The youngest of the three Bernard sons made it his mission to check in on the progress of his elder siblings and parents, but it was never quickly enough.
Once movement commenced about the house, Wynton's father, Walter, would trigger a Bernard Christmas staple. "My Dad would put on soul Christmas music--my favorite being the Luther Vandross Christmas Album," Wynton remembered.
As for the end result of Wynton's mission to see what was being held in the packages underneath the tree?
"After nagging my parents constantly, we wouldn't open presents until 2 in the afternoon," Wynton said. "My friends would ask me around 9 a.m., "What did you get?" and I would say, "I don't know, we have about five hours until we open them."
This was Christmas to Wynton Bernard.
Scattered around the Tigers' minor league system, you find stories very much this; stories with their own personal twist. It's the time of year where prospects at every level get a break from their rigorous routine of maneuvering through the regular season by stepping away to spend time with those who matter most.
Check out a few more memories from Tigers hopefuls as they settle in for Uncle John's off-key caroling, a post-dinner nap or two and, of course ... fruit cake.
Double-A Erie SeaWolves pitcher Tommy Collier
"One of my favorite memories around Christmas time is going to the candlelight service at church. I praise the Lord everyday, but that service gives me goosebumps every time. There is no better way to celebrate the birth of Christ. I'm forever grateful that God gave his begotten son. Christmas is such a momentous day."
Double-A Erie SeaWolves pitcher Josh Turley
"My favorite Christmas memory was a tradition that my parents had for my brother and I as children. We would wake up on Christmas morning and meet my mother in my parents' bedroom while my dad set up the video camera. We would then pray together as a family before my brother and I raced to the tree to see who could open their first present faster. It was something I didn't have much appreciation for when I was little because I thought they were just prolonging our favorite part of Christmas ... the presents. Now that my wife and I have started a family of our own, I want to carry on this tradition because we have so much to be thankful for and we want to pass down the true meaning of Christmas to our children."

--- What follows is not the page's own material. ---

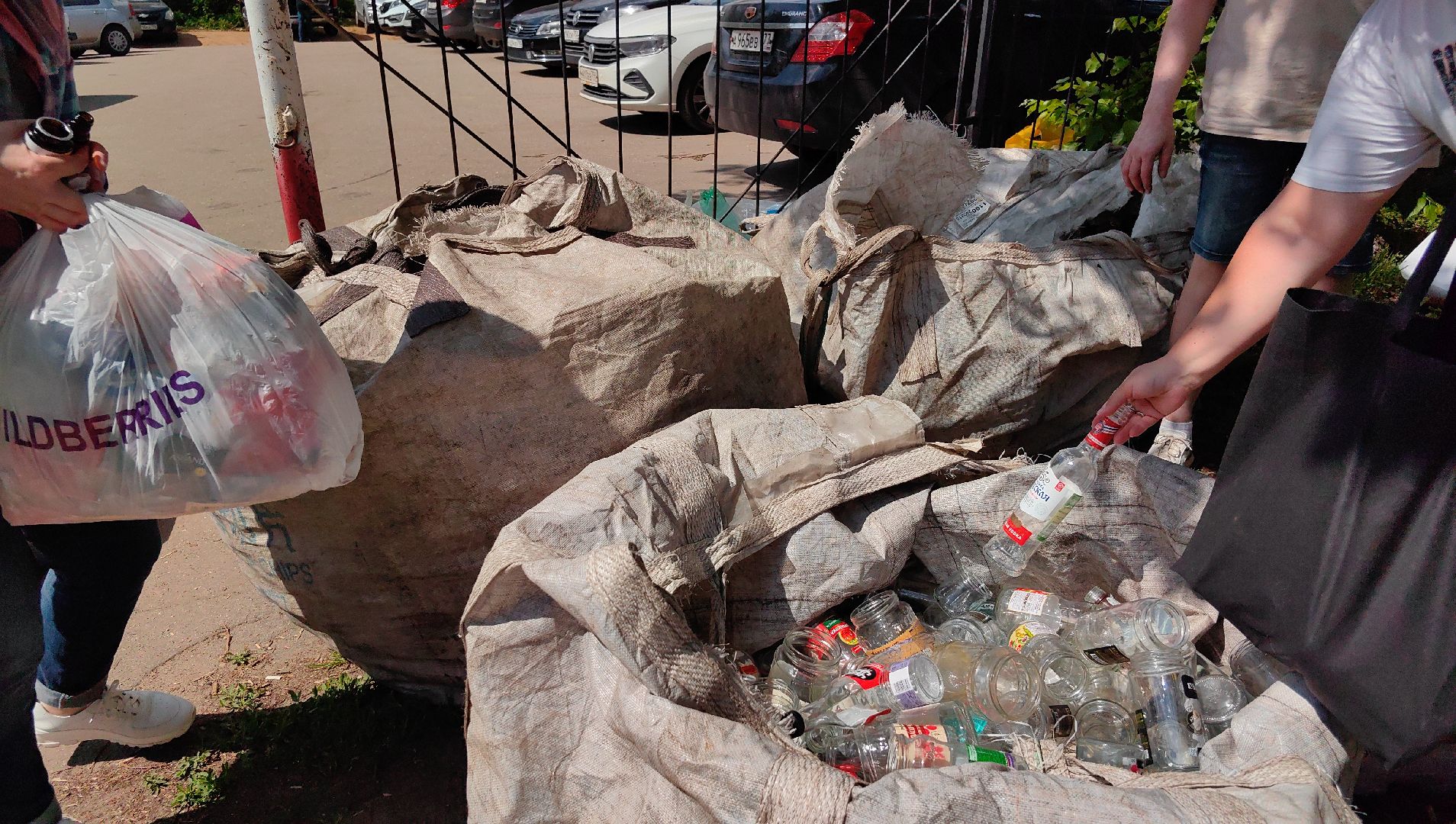 экология, сбор, отходы, среда роста,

Short-Season Connecticut outfielder Cam Gibson
"We kind of do some traditional things on both sides. Christmas Eve with my Dad's family, we have a cook off. There will be a theme for everyone to cook. This year is 'Something Wrapped,' so everyone will bring a dish of something wrapped (tortellini, stuffed cabbage etc.) and whoever has the most money in their bag at the end wins and donate it to the charity of their choice. On my Mom's side, we do more music stuff. When it's at my house, I usually hop on the drums, me, my brother and uncle get on guitar and we put on a little concert for the family. The best part of the show is when my Papa Louie, my Mom's Dad brings out his accordion and really shows us all how it's done."

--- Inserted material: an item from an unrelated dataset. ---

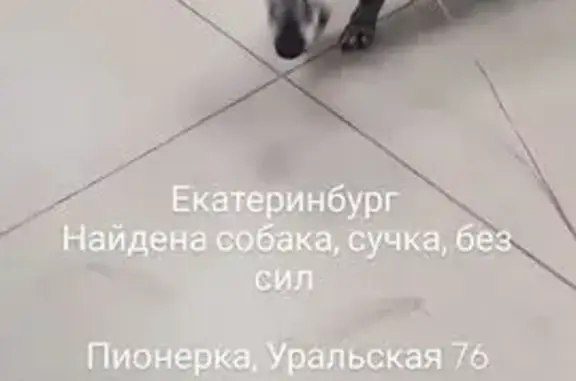 Найдена собака, Екатеринбург, фото: Найдена старая такса, Уральская 76, Екб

Short-Season Connecticut pitcher Ryan Castellanos"My favorite Christmas memory actually comes from Christmas Eve night. Every year me and my family would have "Noche Buena," which is the Spanish version of Christmas Eve dinner. Traditionally, we would eat pork and we would do an entire pig roast with about 20 of our closest friends and family. Unfortunately, we don't do it at the same scale we did before, but we still get together with family and friends and cook something."